Has anyone tried using the Jeep Grand Cherokee box? I guess those bolt right up, are quick ratio (3 turns) same turning radius with increased effort and they may kits for the power steering lines to fit?! I think you have to use years 93-97.


----------



## Bensjammin66 (May 12, 2009)

Reviving this old thread because I am looking to do the same conversion. Can anyone shine some light on doing this swap? Ive got a ton of part numbers and ideas, but id like to speak to someone who has done the Grand Cherokee box themselves. Get a re-man? If so what part number? I have a Jeep specialty wrecking yard by me who has a GC box for $75 out of a Grand Cherokee that had 80k miles on it.


----------



## Pinion head (Jan 3, 2015)

$75 is a fair price for a decent used one. In the Pick-N-Pulls, I watch the jeep GC's that have the mileage paint penned on them next to stock number and date. have pulled half a dozen GC boxes over the years during 1/2 price sales, really dont like todays pricing. Reason for watching for mileage is the Jeep GCs have digital speedo's and I'm not the most comfortable buying boxes off 300k mile Jeeps. Usually it's the bells and whistles that go bad on the Jeep GCs, the 4.0 6's will go forever, two of the last Jeep GCs pulled boxes off had been beat up bad with hail. 

Have installed 6 or 7 used Jeep GC boxes on late 60's A bodys and '80's G body's over the last decade. Years earlier sold and installed a bunch of '78-80 WS6 boxes. Have shipped out a bunch of both, as well. 

Going on an earlier A body, you will need the correct rag joint and the 2 insert fittings from Lee Mfg, so you can use your SAE thread original style steering hoses. Swapping the GC box on an 80's G body, I'd grab the valve out of the back of the GC's PS pump at the pick-n-pull and swap it out before you connect the line. not real important though.

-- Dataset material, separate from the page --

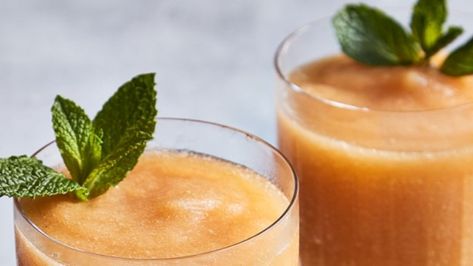 Bourbon-Peach Slush: Peach Cosmo, Bourbon Slush Recipe, Peach Slush, Bourbon Slush, Slush Recipes, Frozen Cocktail, Frozen Cocktail Recipes, Lemonade Concentrate, Orange Juice Concentrate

You will need to have the pitman arm pulled off your original PS box, and then install it on the Jeep GC box. After hauling dozens of heavy filthy steering boxes across townto my circle track buddy, I finally broke down and bought a nice used Snappy pitman arm puller at a local garage auction. You might ck local parts store with a tool loaner program, will save some bucks. If you are handy with tools, is fairly easy swap, I used to literally spend more time getting the pitman arms off.

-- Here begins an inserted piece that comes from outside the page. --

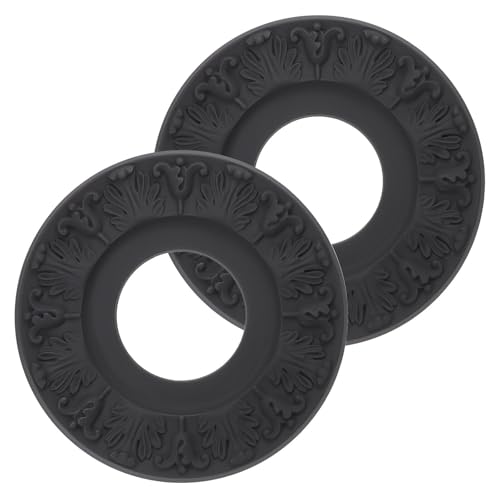 Home and Garden Parts Ceiling Medallion 2 Pcs 10" OD x 4" ID 3D Carving Chandelier Medallion Black #CN/251024/14664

Here's a link from earlier this year detailing more on the GC box and the needed rag joint.
http://www.gtoforum.com/f50/steering-88081/#post630729


----------



## Bensjammin66 (May 12, 2009)

Pinion head said:


> Going on an earlier A body, you will need the correct rag joint and the 2 insert fittings from Lee Mfg, so you can use your SAE thread original style steering hoses. Swapping the GC box on an 80's G body, I'd grab the valve out of the back of the GC's PS pump at the pick-n-pull and swap it out before you connect the line. not real important though.
> 
> http://www.gtoforum.com/f50/steering-88081/#post630729


Lee MFG is actually out of business! Shocking to most im sure because he was the go to guy for high performance reliable gear boxes. I have been doing extensive research on this for a few days and all my parts are lined up. Ill do a nice step by step write up with pics later this week for people to reference in the future searching for this info. 

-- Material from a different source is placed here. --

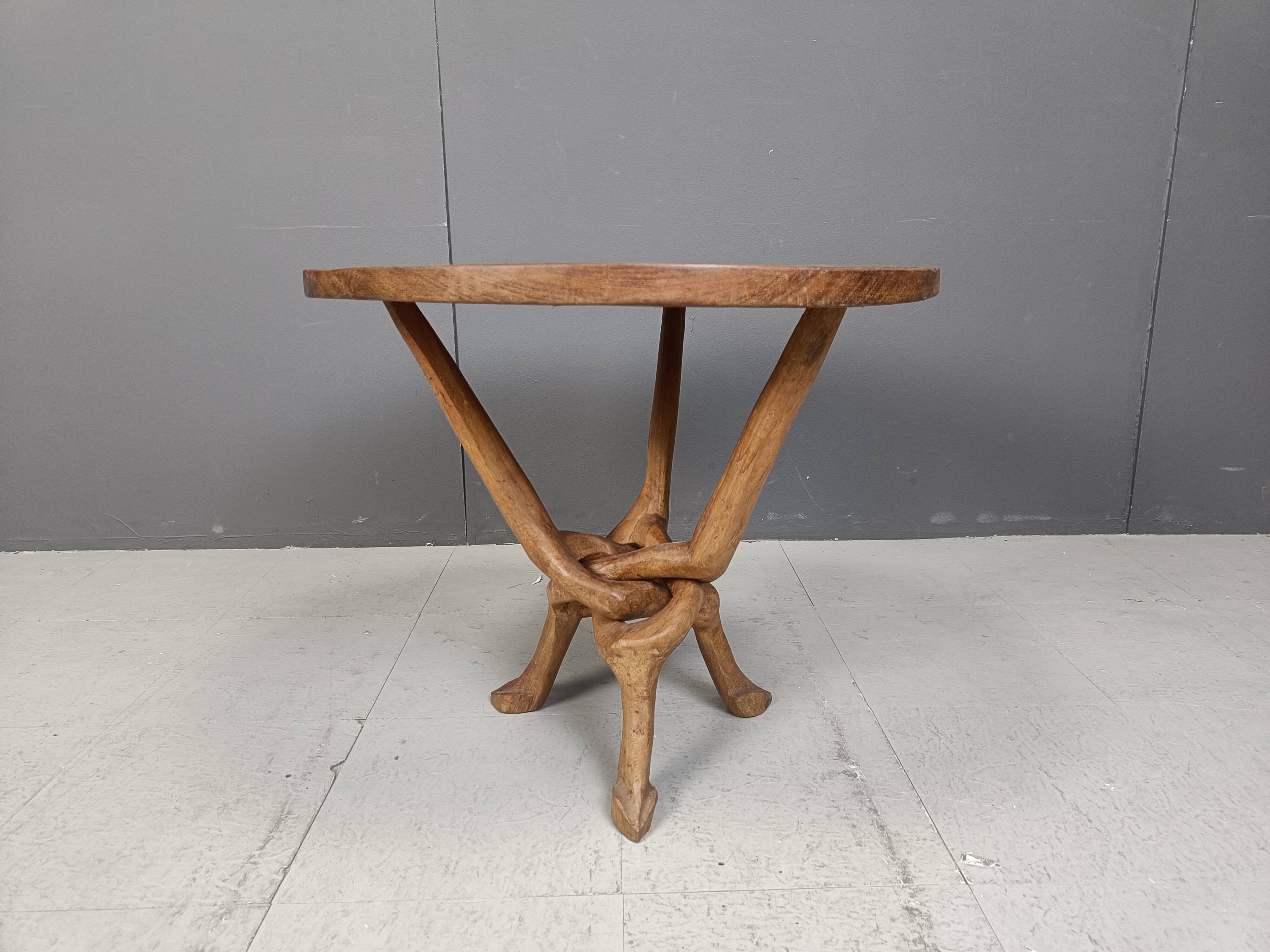 Vintage tribal art side table, 1960s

So far here are the parts im using on my '66:

*A1 Cardone Remanufactured Power Steering Pump part number - 20-6117 $46 * (works great with 67 and later alum accessory mounting block, lots of room for adjustment with alternator and PS pump on driver side.) 
*Summit Racing® Power Steering Pulleys Summit Racing part number - SUM-G3975 $36 * (nice aluminum pulley about same diameter as the pump itself) 
*A1 Cardone JGC reman box part number: 27-7525 $129* O'Reillys Auto Parts or Summit Racing (for $55 more i decided to take my chances on a lifetime warranty reman from a store 3 miles away than an unknown mileage used unit. I have read several forums where guys used this same box with great success) 
*Doorman rag joint: 31011 $48* Summit Racing
*Classic Performance Products line adapters: 605SOL* $16 Summit Racing


Ive read about the Lee fittings. Even when they were still available and they seemed to work for people im not too hip on threading SAE lines into metric holes with little aluminum fittings to butt the 2000psi inverted flare pressure line against. And all within 6" of my headers? No way id rather cut a metric line and reflare the pump side with the SAE fitting before doing that. Or like you said just change out the fitting in the back of the pump. Those CPP fittings are brass and convert the newer box 16mm and 18mm o-ring holes to the SAE 5/8-18 and 11/16-18 inverted flare our PS lines use. O rings included. Several reviews and testimonies online of them working perfectly. 

Ill have a sticky worthy installation write up and review in a few days or after the weekend once i do it on my Le Mans.


----------



## rickm (Feb 8, 2012)

I replaced my worn steering box on my '65 a few months ago with a "stock" ratio box from cardone. also replaced my pitman arm n steering coupler. the car drives n steers very nice, the way that it did when it rolled off the assembly line 50 years ago.


----------